Le CH4 est responsable de plus de 20% du forçage radiatif causé par les activités anthropiques. [Shindell et al., 2005] ont quantifié le forçage radiatif du méthane et des précurseurs d’ozone en se basant sur une approche par les émissions permettant de séparer les contributions des différents gaz à effet de serre depuis l’ère préindustrielle. Ils ont mis en évidence que les précurseurs d’ozone ont permis de limiter l’augmentation du CH 4 dans l’atmosphère,impliquant qu’une élimination des émissions anthropiques du CH 4 aurait le plus grand impact pour enrayer le réchauffement climatique, soit l’équivalent de 54% du forçage causé par le CO 2 . La limitation des effets du CH4 sur le réchauffement climatique passe d’abord par une bonne compréhension des processus sous-jacents, puis par l’élaboration et la mise en place de nouvelles techniques à l’échelle mondiale qui permettraient de réduire ses émissions.
Sources
Le méthane est émis dans l’atmosphère par différents processus (voir table 1.1) qui peuvent être regroupés en trois catégories : les sources biogéniques, thermogéniques et pyrogéniques. Si les différentes sources du méthane sont relativement bien connues, leur étendue spatiale et leur variabilité le sont beaucoup moins, surtout en ce qui concerne les sources à dominante biogénique. Toutefois, depuis peu, quelques études tentent de quantifier de nouvelles sources anthropiques de CH4 jugées de plus en plus préoccupantes (voir table 1.2).
Sources biogéniques
Processus
Dans les zones humides, deux types de bactéries sont responsables de la formation du méthane : les bactéries anaérobies et les méthanogènes. Les bactéries anaérobies agissent en profondeur dans des conditions de faible teneur en oxygène (voir figure 1.1). Elles sont responsables de la fermentationde sucres ou d’acides aminés pour former des substrats utilisables par les bactéries méthanogènes pour produire du méthane.
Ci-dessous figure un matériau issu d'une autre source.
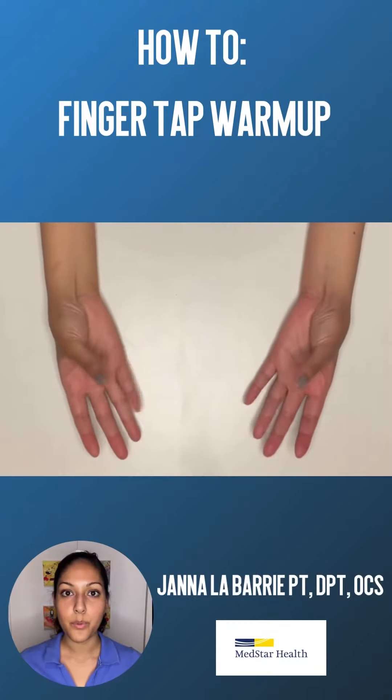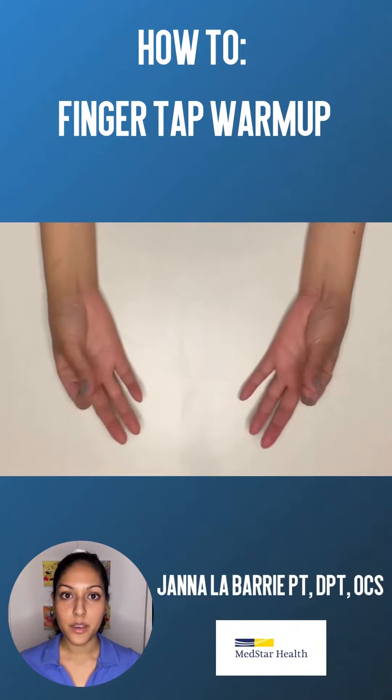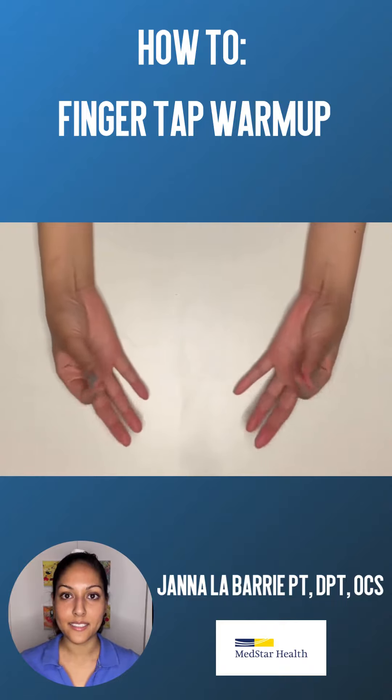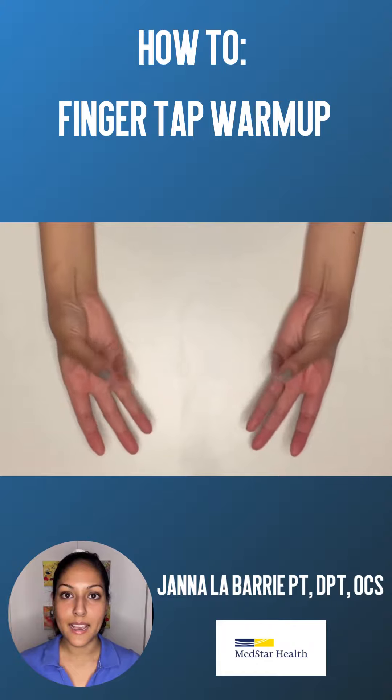For the finger tap warm-up, start with your palm open. Lightly tap each finger to the thumb, starting with the index finger, and keep repeating on each finger for about 20 to 30 seconds. You can start slowly and keep increasing the speed as you go.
Dans les couches moins profondes, un troisième type de bactéries est responsable de la dégradation aérobie du méthane, ce sont les méthanotrophes (voir figure 1.1). C’est le bilan de l’activité de ces trois bactéries qui détermine le flux net de méthane réellement émis vers l’atmosphère. Par ailleurs, comme les bactéries méthanogènes sont plus sensibles aux variations de température que les bactéries méthanotrophes, une augmentation de la température entraîne généralement une augmentation des émissions de méthane sous l’hypothèse que les autres paramètres physico-chimiques du milieu restent stables. Toutefois, dans certains cas, le sol peut également se comporter comme un puits de méthane.
Lacs de barrage
Les lacs de barrage servent à réguler l’écoulement des rivières, à constituer une réserve en eau potable, à irriguer les terres pour l’agriculture et également à produire de l’énergie hydroélectrique. Des mécanismes d’effervescence et de diffusion naturelssimilaires à ceux des zones marécageuses (voir figure 1.1) sont responsables d’émissions de CH 4 dans ces lacs. Toutefois, il se produit également un dégazage important de CH 4 par effet de pression lors du passage de l’eau saturée en CH 4 dans les turbines du barrage. Ce processus accentue les émissions de CH 4 qui s’élèvent à 104 Tg/an [Lima et al., 2008] dans les lacs de barrage à travers le monde.
Végétation
Les plantes peuvent émettre du méthane en présence d’oxygène. Ces émissions proviennent de pectine présente dans les feuilles et dépendent de l’exposition ultra-violet [Vigano et al., 2008] mais aussi de la température.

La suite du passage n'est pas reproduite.